Daiyar whirled and took an aerosol-like container from her harness and twisted it. Another mist poured out from it, and intercepted
the cloud of spores—or at least all the ones he could see. Jeremy fought not to hold his breath as they walked on; more and more of the pods back there were bursting.

“You are perspiring. Cease at once,” Daiyar said, her voice muffled by the mask that covered nose and mouth. “The wild spores are most dangerous in mucus membranes but they can sometimes germinate on any damp surface and sweat tends to remove the protective ointment. Then the filaments of their roots can dig deeper into the pores and spread with explosive speed as they consume tissue.”

“Oh, I’ll do my level best not to perspire, despite the clammy heat and the terror,” Jeremy said hollowly, with a brief, horrific flash of the way Sally Yamashita had died. He fought down an insane urge to giggle—the doctor probably believed he
could
stop sweating on command. “You bet, no sweat.”

The Deep Beyond was looking more and more attractive. At least lethal fungi came there only if someone brought them in.

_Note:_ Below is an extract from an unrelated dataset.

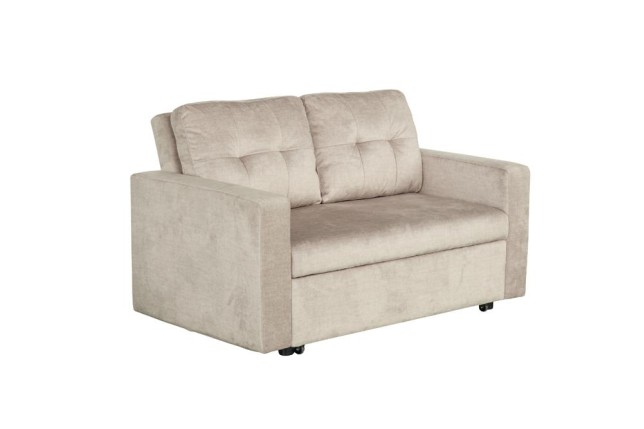 Canapé-lit SMART 140cm velours champagne beige - 2 places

They walked on toward a clearer patch of flattish rock with only a single massive triangular piece of lava sticking out of it, like a deformed, acne-ridden troll’s nose twenty feet high that trickled smoke from cracks around its base. A shimmering greenish light seemed to hang over it, and Daiyar stopped, looking backward and forward. Her ears twitched.

“What is it?” he asked.

“The heat indicates high-metabolism life forms,” she said.

It did. The first few skittered out of the fissures in the base of the rock as he watched. One made a beeline for his boot, and he stamped in reflex. What he could see when he raised his foot was just like the zombie-rats that had plagued him in the prison cell, the ones he was beginning to remember with nostalgia.

Except that this one was about the size of his thumb, or a large cockroach.

“Rodents of unusual size!” Daiyar said, a frantic overtone in her voice. “Quickly! There will be thousands in a few moments!”

Unusual size?
Jeremy thought—or some part of his mind gibbered.
I thought that meant unusually
large
size! Damn Demotic and damn its precision!